But it seems a lot simpler to invert the condition. Just test to see if the string contains any letter not surrounded by + signs or a letter at the beginning or end of the string, and return false if it does, like this:
function SimpleSymbols(str) {
return ! /(^|[^+])[a-z]|[a-z]([^+]|$)/i.test(str);
}
Much easier:
function SimpleSymbols(str) {
return !str.match(/[^+]\w/) && !str.match(/\w[^+]/);
}
The main problems with your function are:
You don't test if the first and last characters are letters. It should be safe to run your for loop from index 0 to < str.length because even though this will result in a str.charAt(-1) and str.charAt(str.length) when testing for '+' these just return "" rather than an error. Or of course you could continue with testing from the second character through to the second last in the loop and add an additional test for the first and last characters.
The .match() method does a regex match, so it tries to convert '+' to a regex and of course + has special meaning within a regex and doesn't match the literal.
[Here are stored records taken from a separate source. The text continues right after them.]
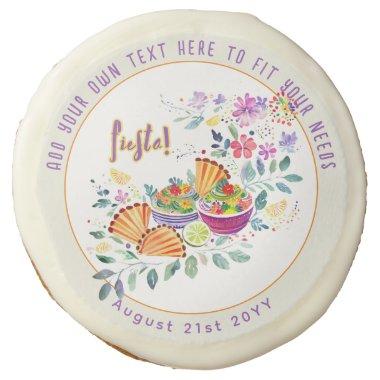 FIESTA Tacos Guacamole Folkart Flowers Custom Sugar Cookie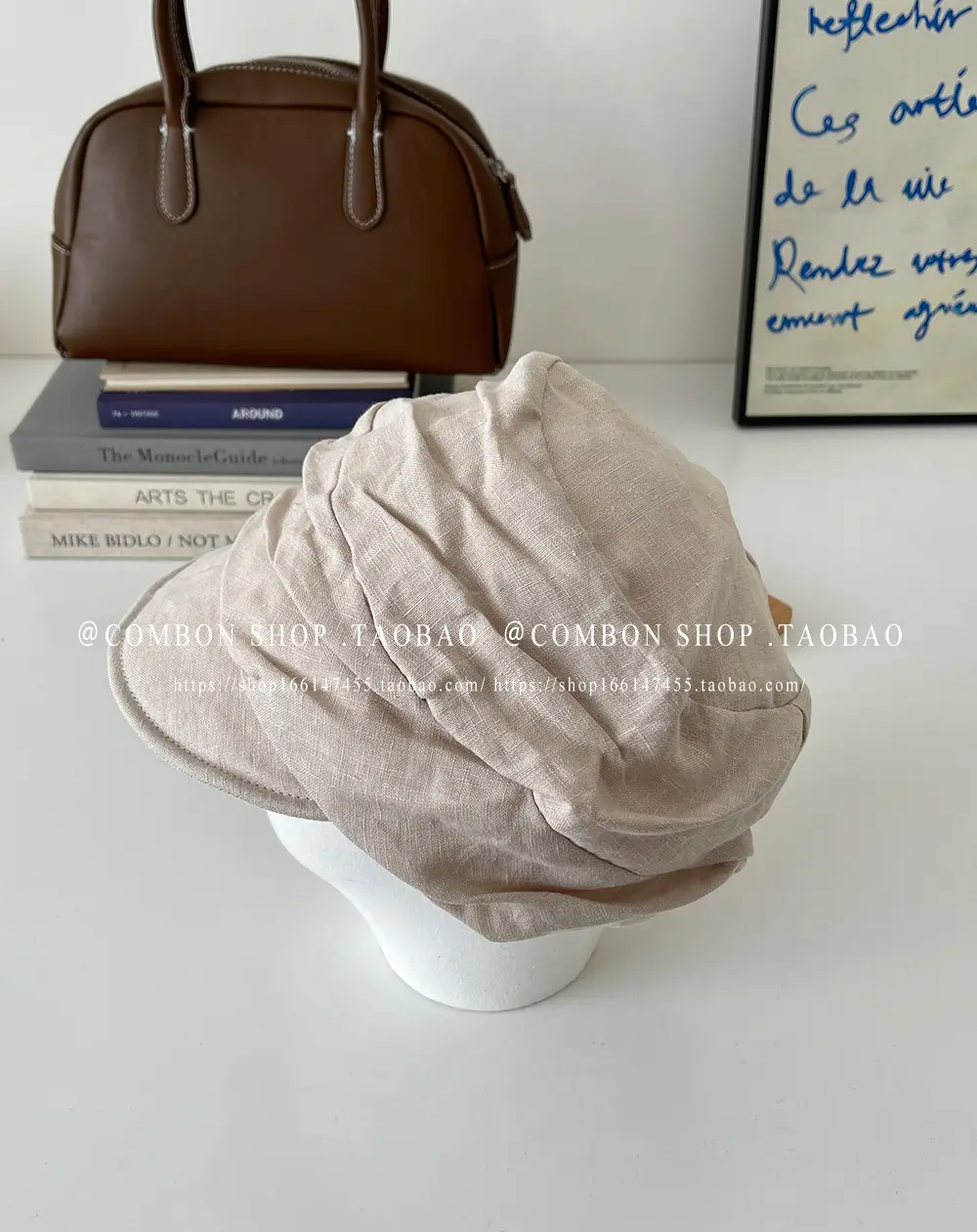 Women Black Cotton Linen Cap Spring Summer Forward — feature 5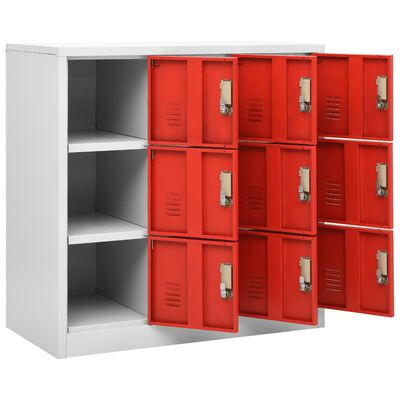 vidaXL Locker Cabinets 2 pcs Light Gray and Red 35.4"x17.7"x36.4" Steel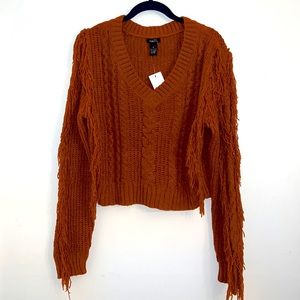 NWT Chenille Sweater with Fringe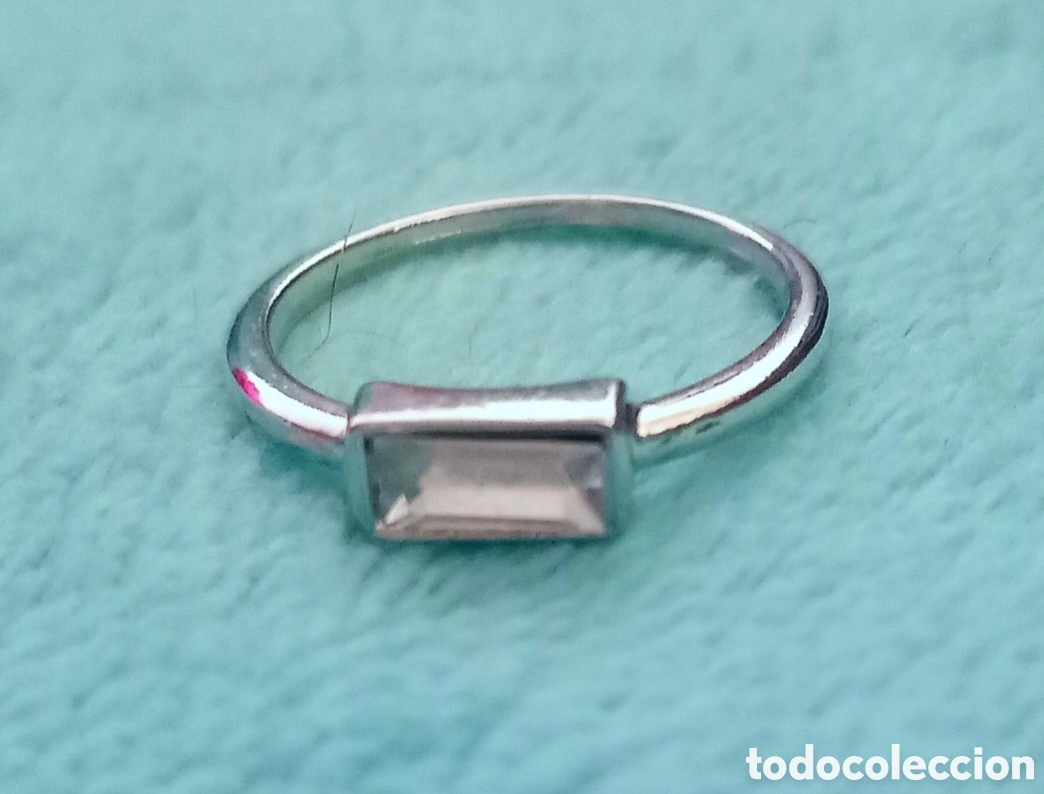 Joalharia: Original anillo plateado geom&eacute;tricos incrustaci&oacute;n brillante rectangular 17mm di&aacute;m. Muy bonito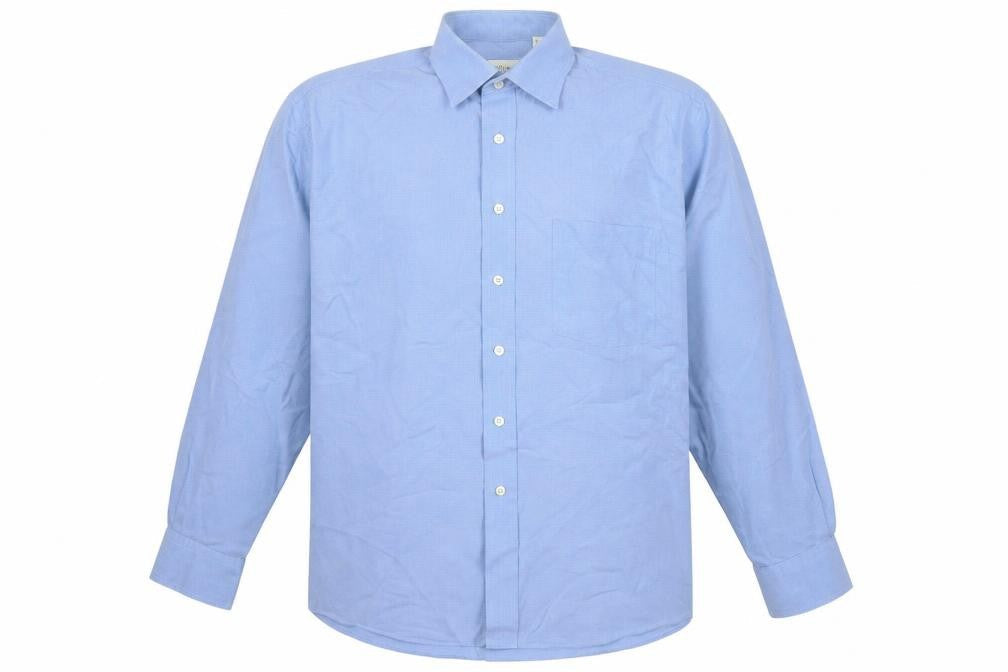 Van Heusen Men's Blue Cotton Blend Long Sleeve Classic Button-Up Shirt Size 16
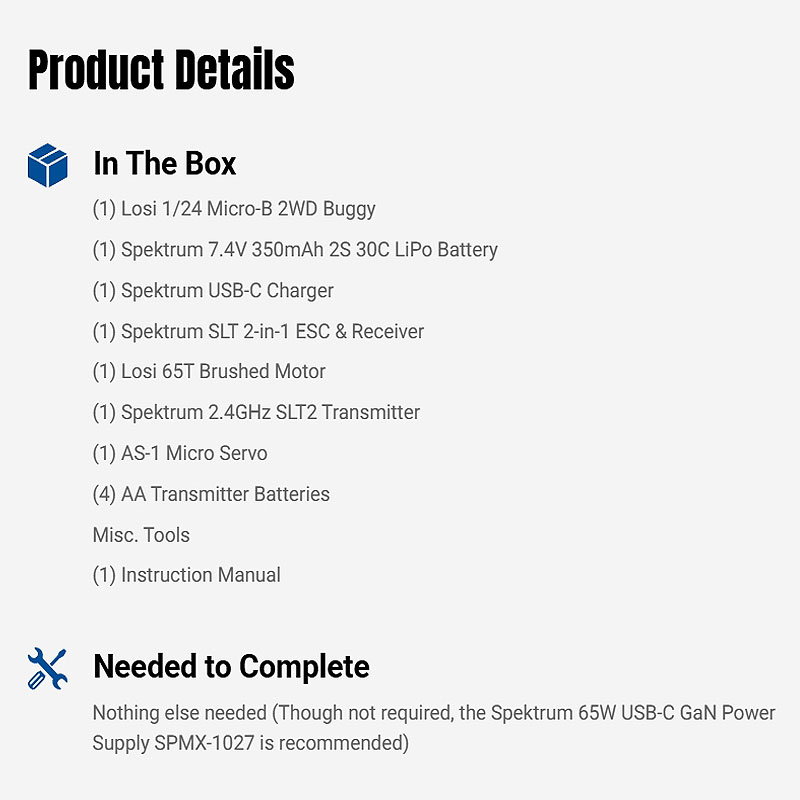 Losi 1/24 Micro-B 2S 2WD RTR Race Buggy (Battery & Charger Included), Silver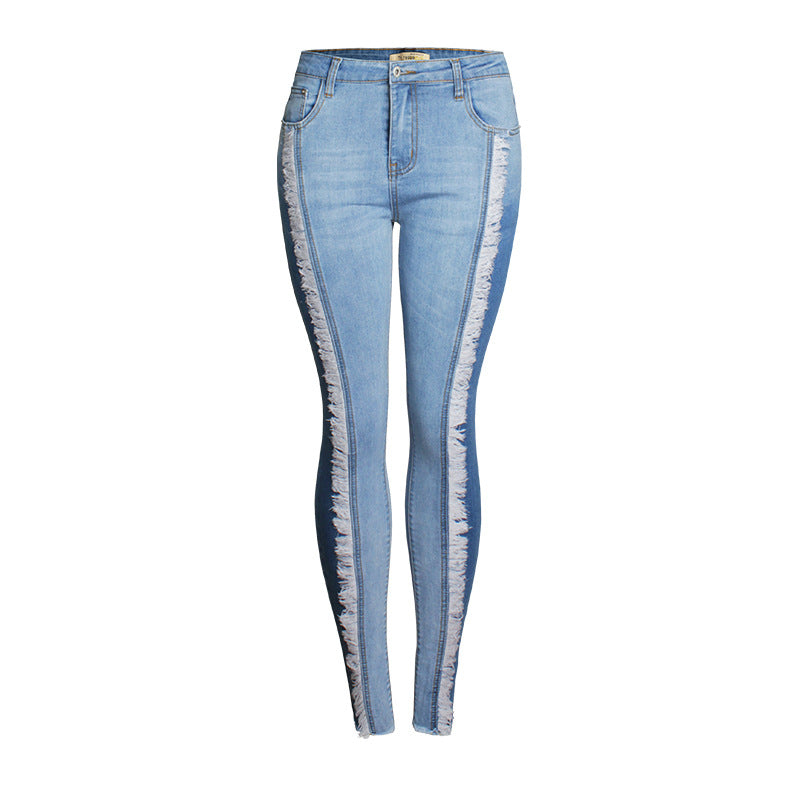 Spring New Fashion Fringe Slim Jeans Slim Hip Leggings Jeans for Women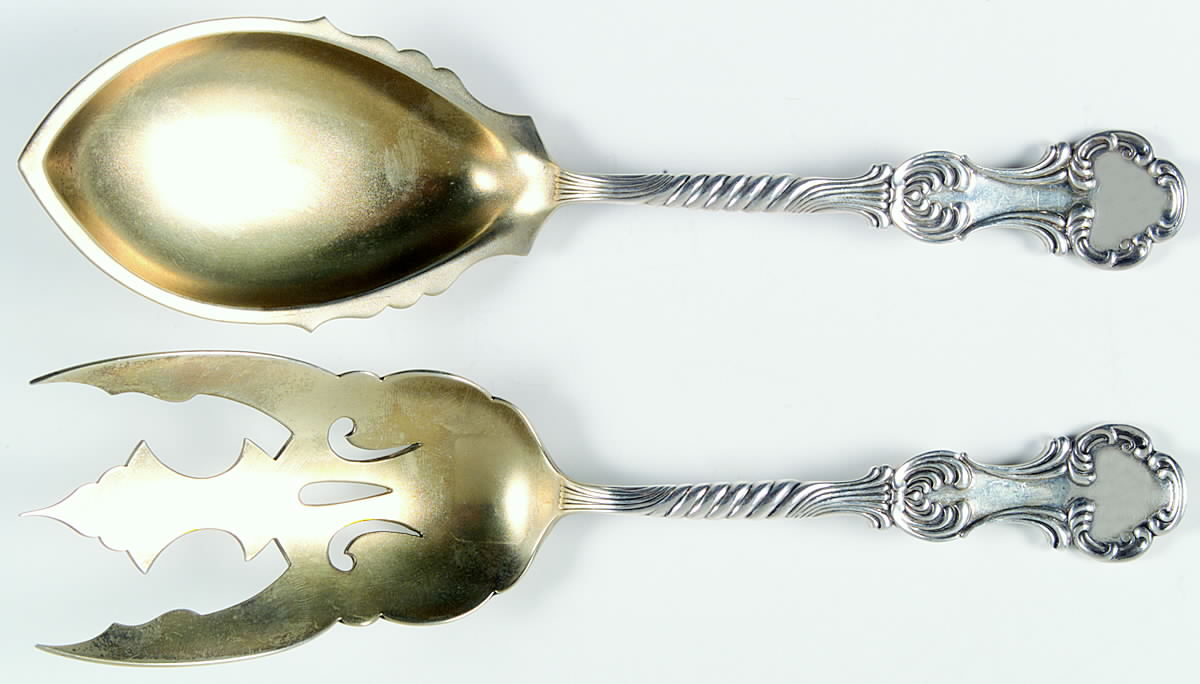 Louvre (Sterling, 1890) (2 Pc) Solid Salad Set by George W Shiebler-1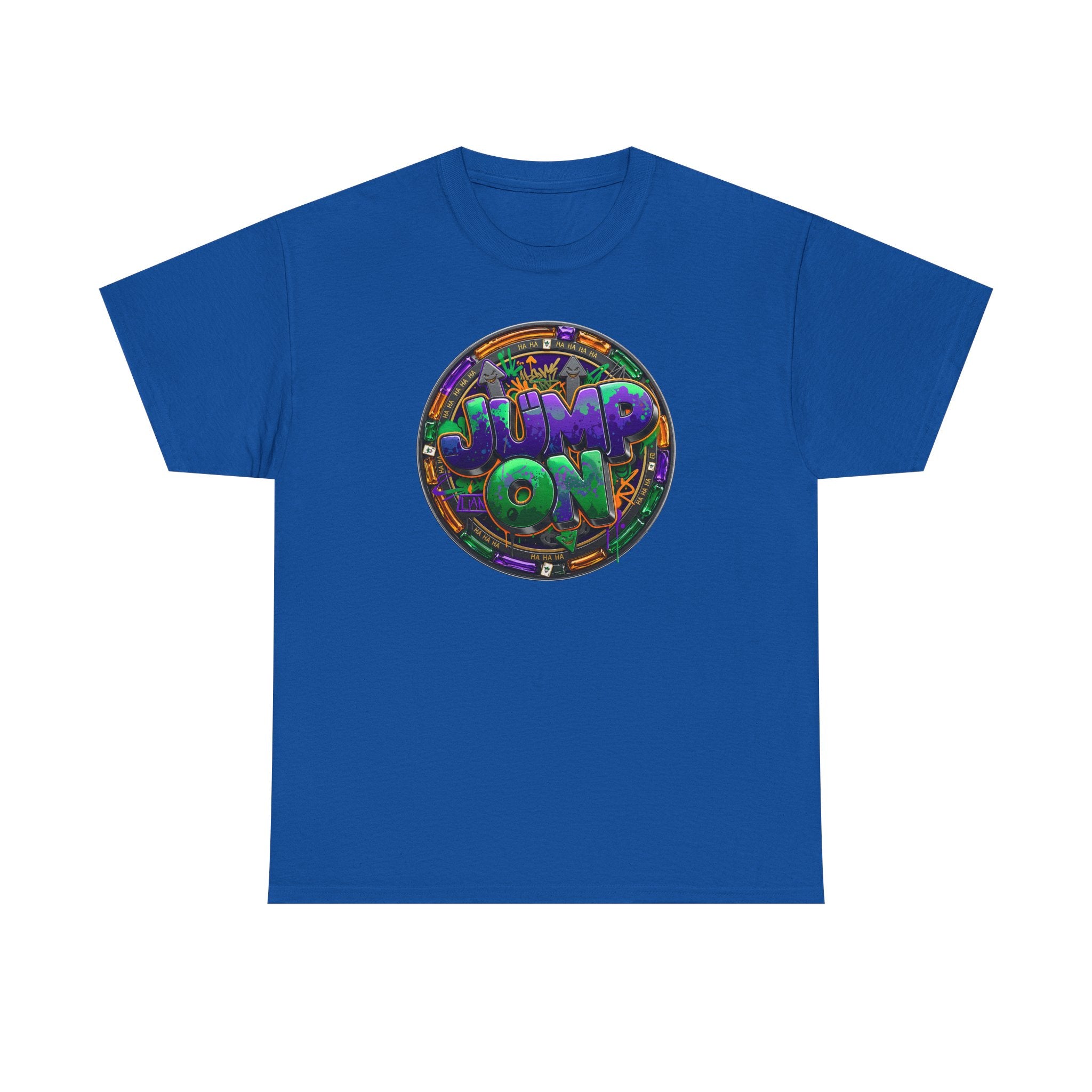 " Jump On" Circle Graphic Tee — Retro Neon Streetwear T-Shirt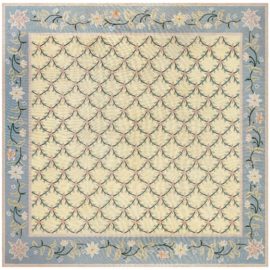 Antique Allover Light Beige Needlework Wool Rug – Circa 1940 Portuguese BB8510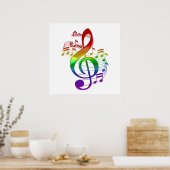 Rainbow Treble Clef und Musiknoten Poster (Küche)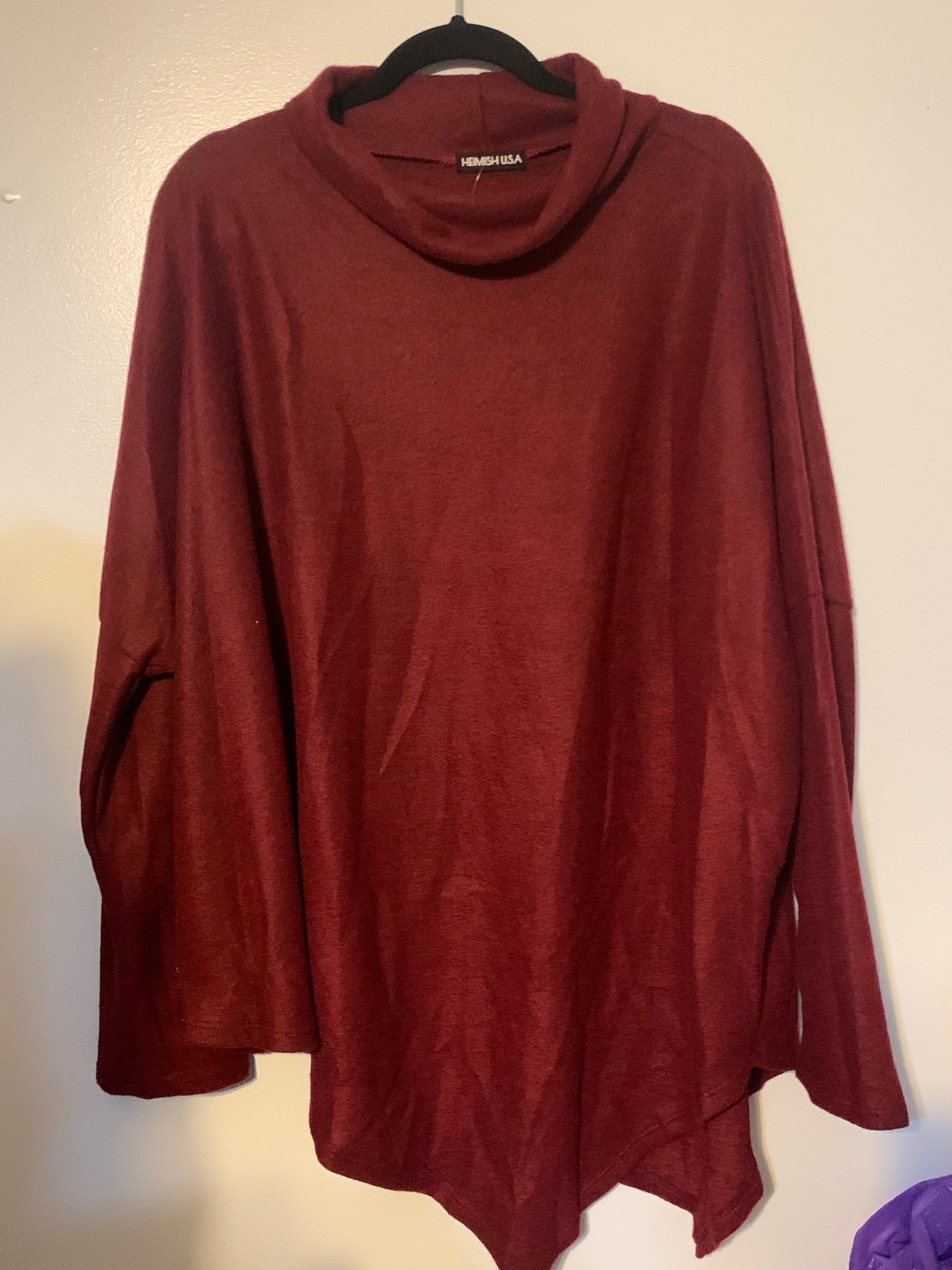 Burgundy fleece cowl neck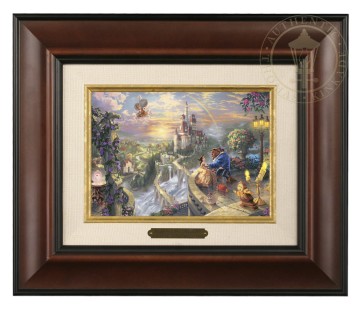 Kinkade Disney Brushworks: Beauty And The Beast Falling In Love (Classic Burl Frame)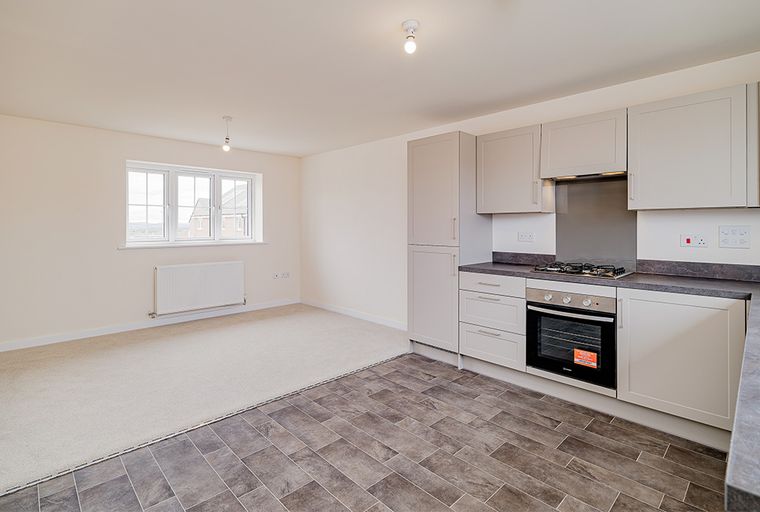 A kitchen and living area with a window and cabinets.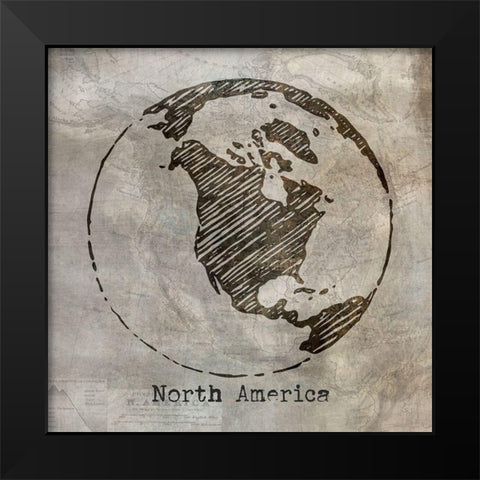 North America Black Modern Wood Framed Art Print by Jill, Susan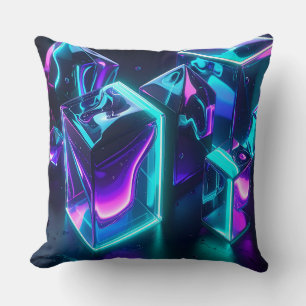 Modern Geometric Liquid Glow Pillow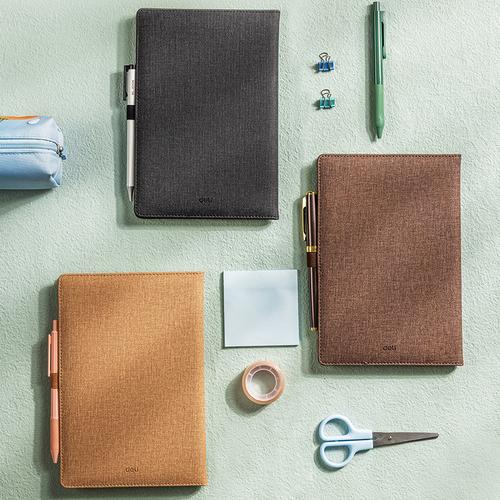 Deli Canvas Cover Notebook A5 96 Lembar Dengan Pen Holder EN118L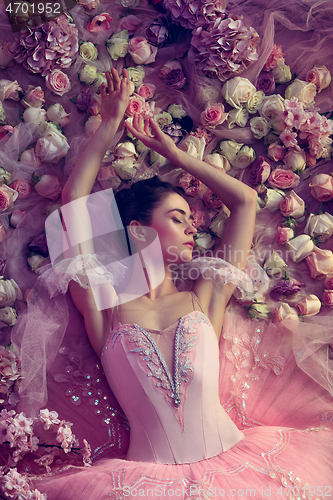 Image of Young woman in pink ballet tutu surrounded by flowers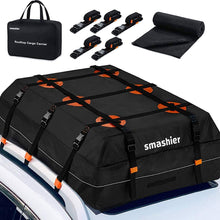 Smashier Car Rooftop Cargo Carrier Bag - 16 Cubic Ft Roof Bag, 100% Waterproof Military Grade Nylon Cordura Fabric, Heavy-Duty Zipper, Night Reflective Strip & Anti-Slip Mat Incl. for Safe Journey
I'd suggest just using === '+' instead, though you could use .match(/\+/).
You are returning whatever value the boolean variable ends up with, which means your function is ignoring the tests on all but the second-last character in the string. You should return false immediately if you find a letter that doesn't have '+' around it.
Your question asked about "letters", but /\w/ doesn't test for a letter, it tests for letters or digits or underscores. If you actually want just letters use /[a-z]/i.
(Also there's no point assigning str = boolean, because JS function parameters are passed by value so this assignment won't affect anything outside the function.)
So:
function SimpleSymbols(str) {
for(var i=0;i<str.length;i++){
if(/[a-z]/i.test(str.charAt(i))){
if(str.charAt(i-1)!='+' || str.charAt(i+1) != '+'){
return false;
}
}
}
return true;
}